Work instruction >> Wherever a picture appears in the data below, omit it, and restate everything else word for word.

■ ■ ■ ■ ■

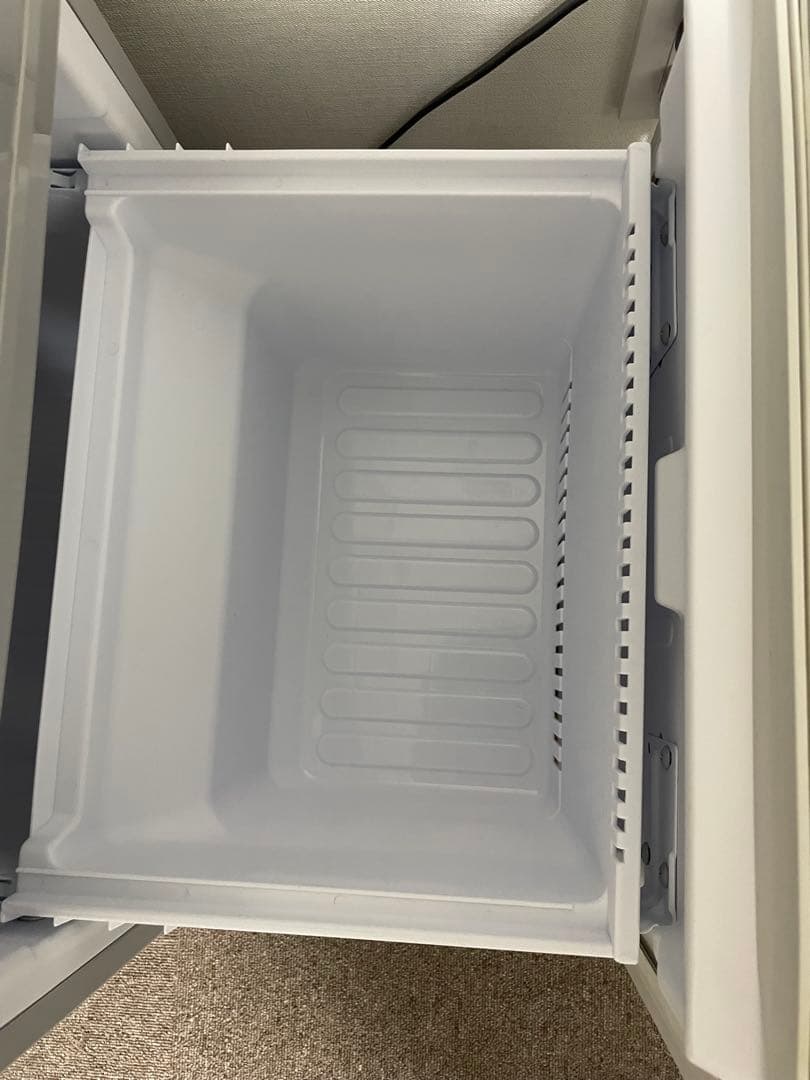 【最終価格】シルバー冷蔵庫　両開き対応　SJ-D14C-S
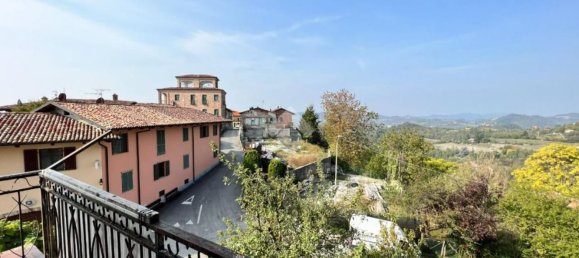 6 rooms House in Castellamonte, Italy No. 33820 2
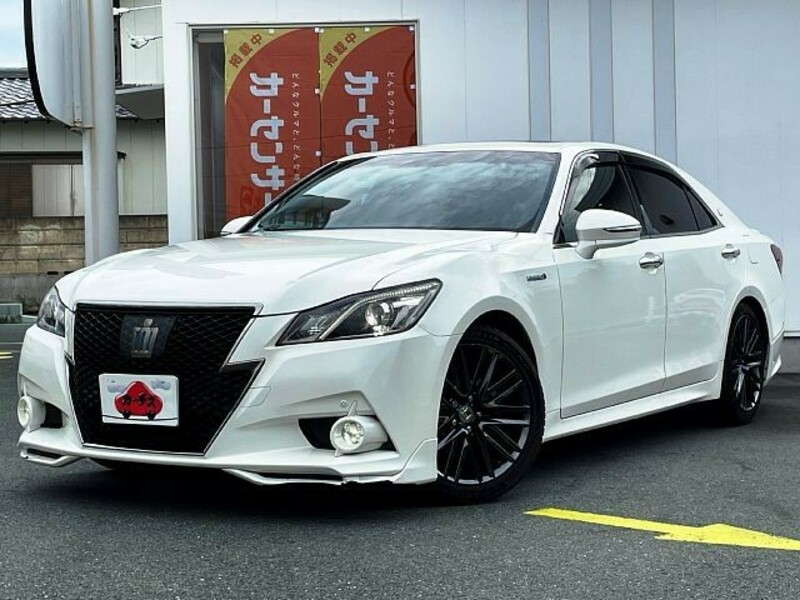 TOYOTA　CROWN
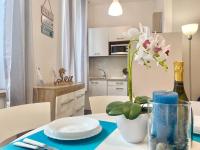 Kuchyňa alebo kuchynka v ubytovaní Mazzini 12, Elegant Central Apartment with Free Private Garage 800 m, Air Conditioning, Wi-Fi, Just 100 m from the Public Beach
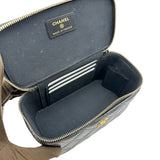 シャネル CHANEL マトラッセ スモールヴァニティバッグ AP1472 31番台 ブラック ゴールド金具 ラム レディース ショルダーバッグ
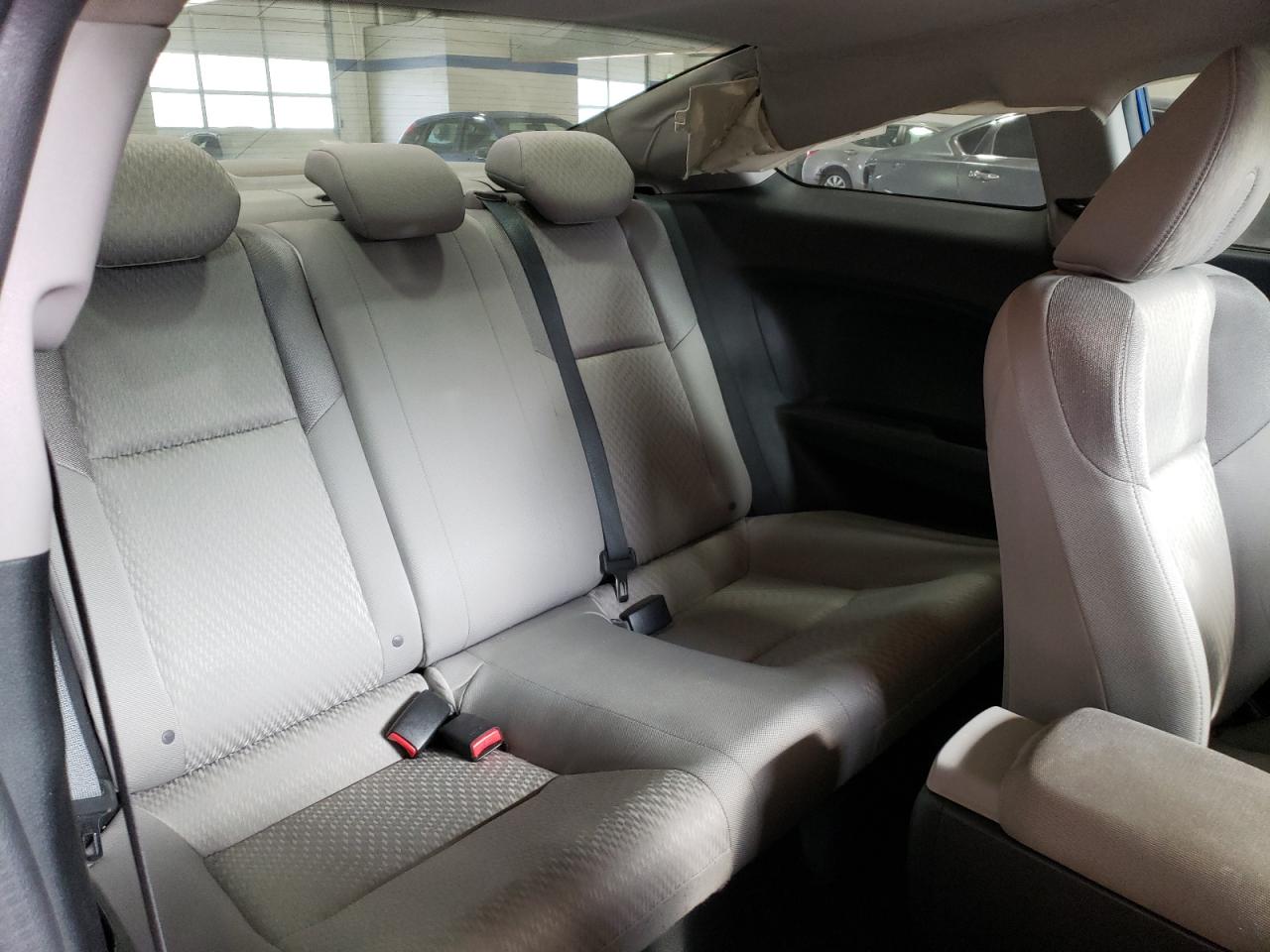 2015 Honda Civic - Image 10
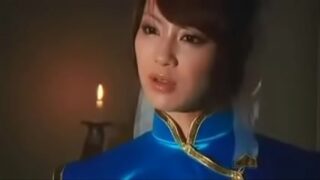 Chun Li gets hit repeatedly but she likes it a lot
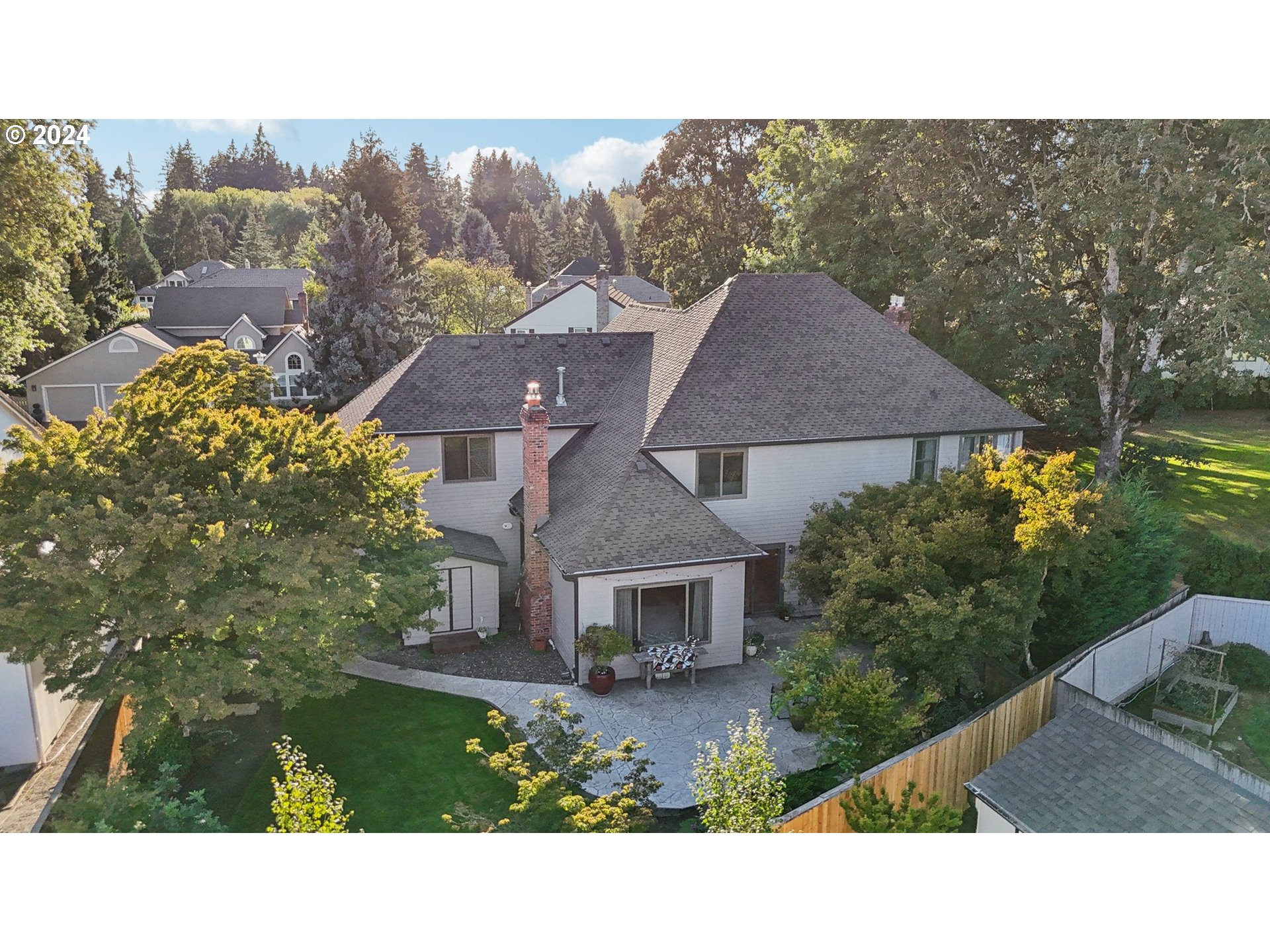 8121 Northeast 71st Loop Vancouver, WA 98662 - Photo 38 of 44 a black and white photo of a house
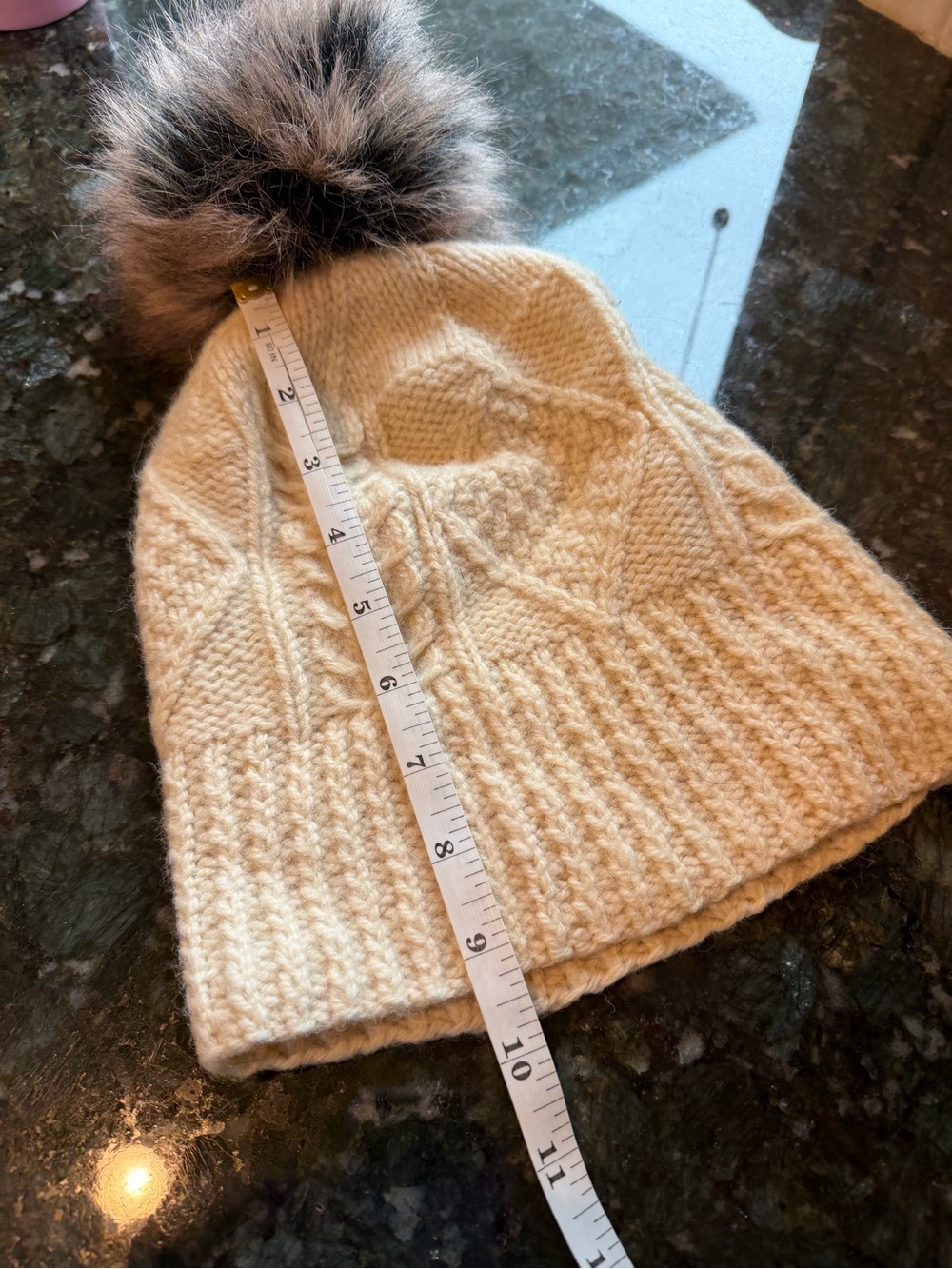 VTG L. L. Bean Pure New Wool Made in Ireland Beanie Hat w Faux Fur Pom Pom. EUC - Picture 4 of 6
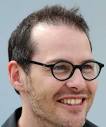 Image Jacques Villeneuve Signs for Picture
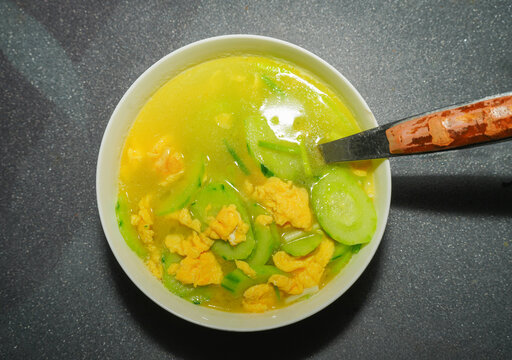 桌上碗里的黄瓜鸡蛋汤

■ ■ ■ ■ ■

Result for this exercise >>
 【最終価格】シルバー冷蔵庫　両開き対応　SJ-D14C-S
 6 rooms House in Castellamonte, Italy No. 33820 2
 TOYOTA　CROWN
 Kuchyňa alebo kuchynka v ubytovaní Mazzini 12, Elegant Central Apartment with Free Private Garage 800 m, Air Conditioning, Wi-Fi, Just 100 m from the Public Beach
 シャネル CHANEL マトラッセ スモールヴァニティバッグ AP1472 31番台 ブラック ゴールド金具 ラム レディース ショルダーバッグ
 2015 Honda Civic - Image 10
 Chun Li gets hit repeatedly but she likes it a lot
 8121 Northeast 71st Loop Vancouver, WA 98662 - Photo 38 of 44 a black and white photo of a house
 VTG L. L. Bean Pure New Wool Made in Ireland Beanie Hat w Faux Fur Pom Pom. EUC - Picture 4 of 6
 Image Jacques Villeneuve Signs for Picture
 桌上碗里的黄瓜鸡蛋汤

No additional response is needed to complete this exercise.